To do:
Look through the records below for the line with "sketch for installing" and the line with "Output waveform obtained", then return those lines and all lines between, exactly.

Records for processing:
[Start of section]

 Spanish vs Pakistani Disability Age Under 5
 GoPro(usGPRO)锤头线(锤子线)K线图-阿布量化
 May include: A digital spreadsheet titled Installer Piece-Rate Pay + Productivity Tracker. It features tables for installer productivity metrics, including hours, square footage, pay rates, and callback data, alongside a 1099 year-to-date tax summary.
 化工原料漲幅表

[End of section]
[Start of section]

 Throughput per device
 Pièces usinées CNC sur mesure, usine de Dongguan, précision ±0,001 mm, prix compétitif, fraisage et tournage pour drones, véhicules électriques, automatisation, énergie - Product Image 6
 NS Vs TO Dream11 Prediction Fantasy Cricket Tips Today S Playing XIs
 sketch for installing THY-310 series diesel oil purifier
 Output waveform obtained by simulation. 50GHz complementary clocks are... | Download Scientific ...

[End of section]
[Start of section]

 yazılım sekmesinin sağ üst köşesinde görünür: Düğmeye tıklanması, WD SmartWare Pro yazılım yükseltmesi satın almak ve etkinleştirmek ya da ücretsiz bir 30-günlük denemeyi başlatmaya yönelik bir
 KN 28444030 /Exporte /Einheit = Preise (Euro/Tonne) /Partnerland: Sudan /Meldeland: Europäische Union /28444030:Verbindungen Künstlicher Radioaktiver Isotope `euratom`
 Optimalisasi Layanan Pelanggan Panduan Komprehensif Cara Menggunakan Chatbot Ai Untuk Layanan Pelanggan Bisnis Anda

[End of section]

Reply to the exercise:
 sketch for installing THY-310 series diesel oil purifier
 Output waveform obtained by simulation. 50GHz complementary clocks are... | Download Scientific ...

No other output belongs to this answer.